Embarrassing moment #3:
Do you know how big a 32" television screen is? We'll get back to that.
This time the year is 1995. My husband and I have taken a trip from Arizona, where we live, to New Jersey, where we're both from, along with our new baby girl to meet our families for the first time. My husband's family is in the process of moving to AZ to be closer to us, but only his mother is there so far. She is house-sitting for us, and has given us strict instructions to take lots of pictures and video of her hubby and home, because she's lonely already.
We split the time we're visiting between my family and his. But now, we're staying with his dad, the three of us comfortably set up in the guest bedroom. It's early morning and the baby is still sleeping. I leave to take a shower. My husband decides to do some videotaping of the house and backyard for his mom. I walk back into the bedroom, wrapped in a towel and stop at the foot of the bed. He is standing at the window, taping the view of the backyard. I drop my towel to begin dressing.
This is my fatal flaw, people. Right at this very moment.

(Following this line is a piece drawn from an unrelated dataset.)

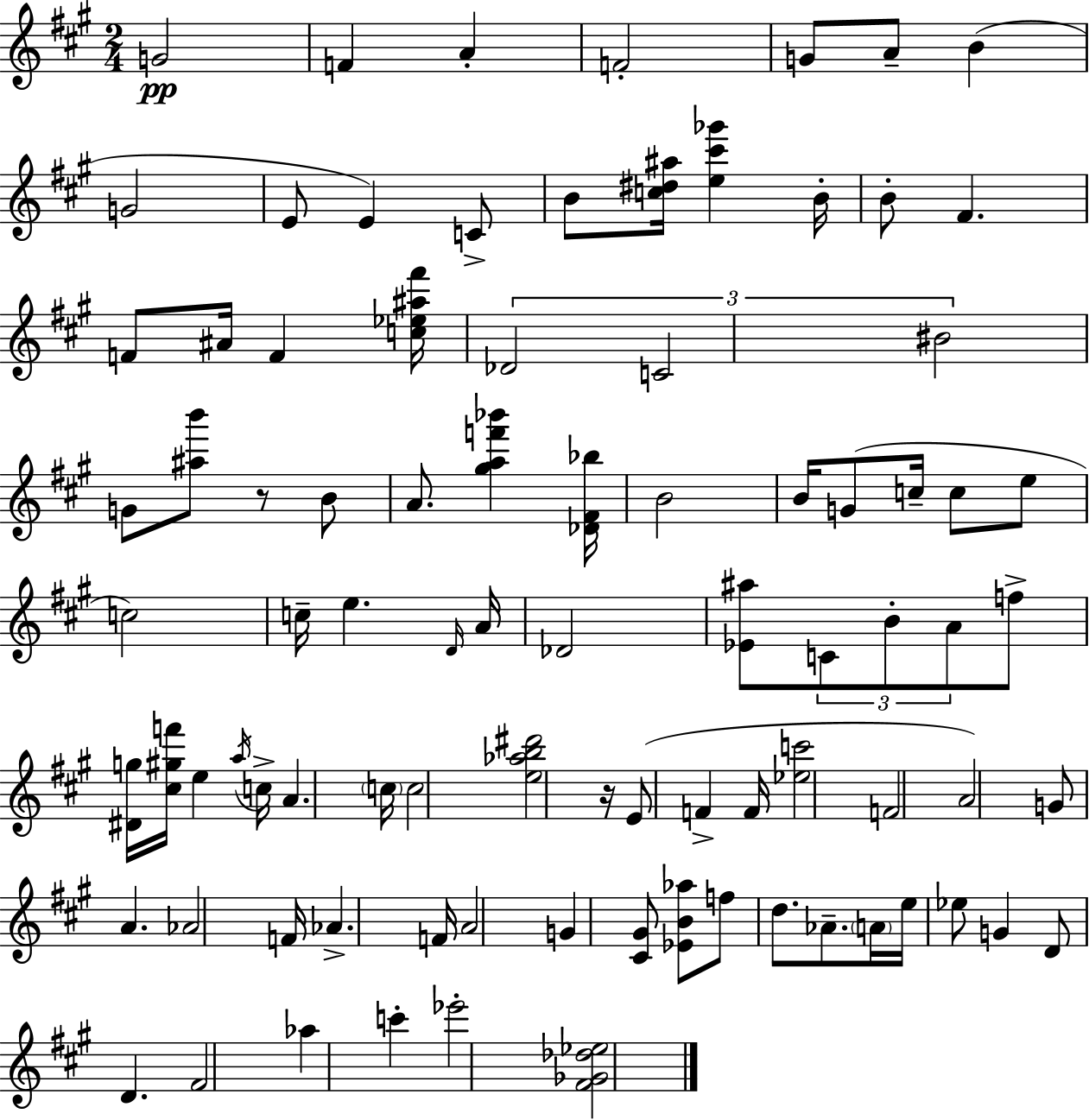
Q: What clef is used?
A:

At that very second, and with me completely unaware, my husband whips around with the camera and zooms in on one particular part of my anatomy and begins catcalling. ha. ha. ha.
"Give me the camera!" I squeal, as I lunge at him still naked. He laughs. "You can't put that on there! Good grief!"
I switched the camera to 'VCR' mode and rewound the footage. Yo baby. Not cool. "Tape over it, and quickly!"
Okay, safe. Whew. Scold the husband, get a good laugh at my expense, and proceed with the taping...and dressing...separately.
Fast forward to back at home in Arizona: "Hi, Mom! We missed you too! Thanks for watching our house! Yes, lots of footage. Let's watch." We all sit down on the couch together and pop the tape into the VCR, my husband, me, and my mother-in-law. Good times.
Ah, yes, there's dad. Waving. Oh, and there's the garden. Yes, the shed! Look how green the yard is! The deck! Love that deck. Jenna's naked crotch. The livingroom. Oh, the piano! ....
I froze. Dear God, please say she blinked. Amen.
A quick glance to my husband, who is also frozen. Maybe she blinked. And then...
"Wait, did I just see what I thought I saw?"
How come you've answered every other prayer???
Yep, that's right, folks. Apparently, there was a little overlap of the tape when it was switched from 'VCR' mode back to 'record' mode. My mother-in-law saw the fullness of my femininity right there on the TV screen in my livingroom. 32" of it, to be exact. More of it than I've seen, and this was before Brazilians became trendy, lemme tell ya.
The only thing worse was her getting on the phone to share the "funny thing" with the rest of the family. The only thing worse than that was the next family get-together.
Ha. Ha. You're all a bunch of comedians.
Never trust your nakedness within 1 mile of your husband with a videocamera. Never! And now you know it all!